In such an equation, the fact that she was working in Kansas was to her benefit. Atchison sits on the Kansas-Missouri border, and if Wilk worked a few hundred yards to the east, she would already be in jeopardy: In November, Missouri voters supported a ballot initiative increasing the state's minimum wage to $6.50, with an annual adjustment for inflation. Five other states had similar votes, with similar results, bringing to 29 the number that now require an hourly wage above the federal minimum. In the District the minimum is $7, in Maryland it's $6.15, and in Virginia it's $5.15.

Such is the arbitrariness of state-by-state minimum wage laws that Wilk feels lucky to be in Kansas making $6.25 an hour while inside at the first grocery store across the Missouri state line, the cashier was ecstatic that she was in a place where her pay was going from $6.20 to $6.50, explaining, "That's 30 cents more I ain't got."

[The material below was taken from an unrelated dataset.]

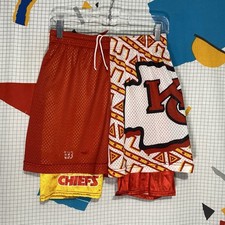 Vintage 90s Kansas City Chiefs Shorts Medium Wilson Logo Color Block Rare USA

Iles handed over a $10 bill for his 10 chimichangas and two burritos. He stuffed the change deep in his pocket, and headed next to a convenience store owned by a man named Bill Murphy, who said that if he had the chance to talk to new House Speaker Nancy Pelosi, he would ask one question. "Where does she think the money will come from? And that is the question," he said. "My wages are going to go up 10 percent."

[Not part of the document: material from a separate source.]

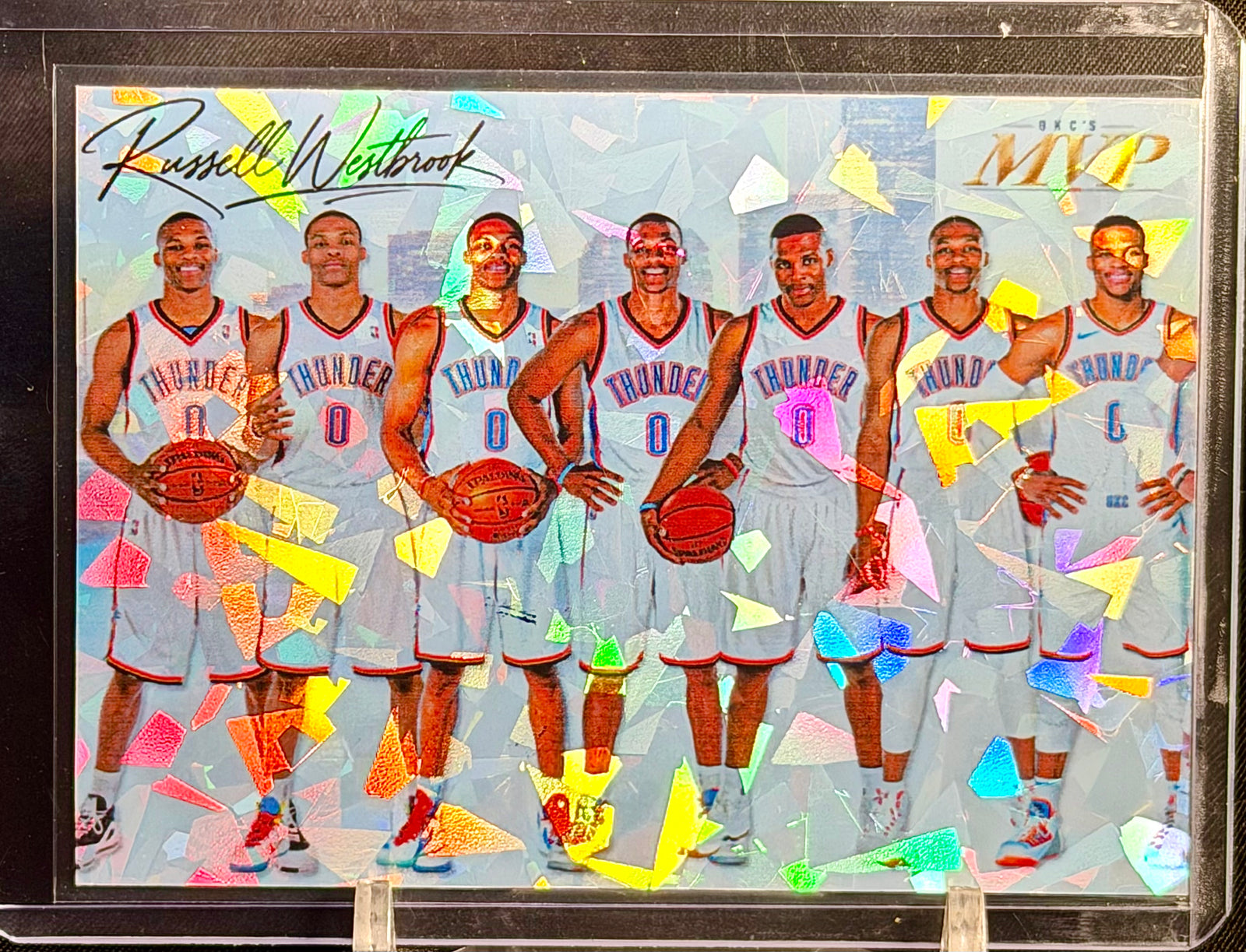 Russell Westbrook OKC's MVP Cracked Ice Holographic Card – Limited Edition Short Print /25 Custom Holo Collectible – 918 Customs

Unlike Jack Bower, who would compensate by cutting hours, Murphy said that in his two convenience stores there are no hours to cut. "I'm going to have to raise my prices," he said -- not only because his workers who make less than the new minimum wage would get raises but also because those who earn more would insist on raises as well. Employees at $7.25 will want $8.25. Those at $8.25 will want $9.25.

Economists classify such workers as the ones who would be indirectly affected by a minimum-wage increase. Of the estimated 13 million workers expected to get raises, 7.4 million are in that category. "You've created this entitlement," Murphy said he would tell Pelosi.

And yet he will pay it, he said, and compensate with price increases, which he worries will be inflationary, even though most economists say that won't happen. He will raise prices, he continued, because the only other option would be to earn less money, which he doesn't want to do because he owes $1.5 million on his businesses and wouldn't want to default.

"Now that might be a stretch in some people's minds, from giving a guy a raise to not being able to pay the bank, but that's the path I'm talking about," he said. Against such a dire backdrop, Iles put $17 worth of gas in his car.